I thought, about an hour ago, that my biggest anxiety is not having a home, not knowing where it is going to be, and not knowing how it is going to work.  I thought that, whether it is accurate or not.  I’m 22 months homeless now, and maybe immediate things should be more a cause of concern.  But no one is officially acknowledging any of the things I have said about previous experiences.  I just felt like jumping up and running to Tommy Boyd, but I don’t have enough money to pay the fare.  I wouldn’t have anyway, today.
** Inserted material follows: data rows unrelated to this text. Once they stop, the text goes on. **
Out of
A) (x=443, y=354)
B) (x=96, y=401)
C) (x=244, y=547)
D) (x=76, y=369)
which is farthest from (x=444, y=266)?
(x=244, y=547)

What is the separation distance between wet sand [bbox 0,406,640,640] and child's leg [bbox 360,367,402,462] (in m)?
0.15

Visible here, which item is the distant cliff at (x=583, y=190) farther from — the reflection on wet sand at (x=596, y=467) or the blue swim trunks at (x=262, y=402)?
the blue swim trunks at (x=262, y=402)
Relationships and comfort zones with other patients are cooling, and at the same time I’m becoming a lot more fudged in my relationships with staff.  I have made some of them special to me, more honestly, some of them have made themselves special to me by their kindness.  All this stuff about boundaries I was asked to learn by the church, to be used against me, so it seems, seems to be going by the board at the moment.  But that may be only because I feel inhibited about being angry, most of the time, unless I flip and start shouting in my room.  If I say I am having a problem with anyone on the ward the official position and statement seems to be ‘I don’t think so’, or ‘I don’t think s/he is’.  It is never opened up or examined.  So it continues and I can’t talk about it.  I’m still being voice and expression-matched, and I find that so upsetting.  How can doing me back at me be good communication?  I thought that communication was about two or more different and distinct individuals interacting and revealing themselves, being themselves.  Have I lost the plot somewhere?  Have I missed something, a shift in what communication is?  I think copying is about power.
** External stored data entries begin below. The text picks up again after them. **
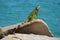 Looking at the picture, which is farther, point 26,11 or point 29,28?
point 26,11

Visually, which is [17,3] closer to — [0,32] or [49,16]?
[49,16]

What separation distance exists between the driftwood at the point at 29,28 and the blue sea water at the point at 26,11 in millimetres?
1804

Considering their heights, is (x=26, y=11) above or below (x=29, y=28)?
below

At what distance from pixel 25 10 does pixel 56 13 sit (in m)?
1.00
I started out saying that these people, the staff, knew what was happening as well as I did and that it was up to them to say so/stop it, with open commitment, whatever they got from me by way of anger and hysteria.  Now I feel I am softening and thinking maybe now we can talk about it.  But the fact is that in the meantime they have bullied me with mimicry and interventions and put me on medication, all the time knowing that what I have said is true.  It doesn’t augur well for anyone else, does it, if one person has to become reasonable to stop the assault and get the help they need.

I keep approaching this in a general way and not posting a lot of stuff i would like to have posted.  I have thought I should list people by name and their offenses, as I see them.  But I have also thought in the last 24 hours as I have before, that the best way not to be like someone is not to be like them.  But that is just in personal terms.  The relationship I have with the staff is not a cosy, life-affirming personal relationship and never will be.  I don’t think I know the best thing to be or do in this situation anymore, and its effect seems to be that I am developing a distaste for and aversion towards my blog, and an aversion to naming and shaming.  But what is the alternative?  For me personally, it doesn’t make things comfortable by any means, some people are reacting quite badly, but at least I won’t be having painful conversations with people who use their positions to abuse or disengage, from whom I later have to get food and medication and be let off the ward.

I overheard Alex say last night ‘he won’t get anything out of me’.  No idea what it was about.

I’m beginning to think of the hospital as a community run by the nurses, and interactions in public as group therapy.  It’s wild, it’s weird, it’s making my ears ring thinking about it.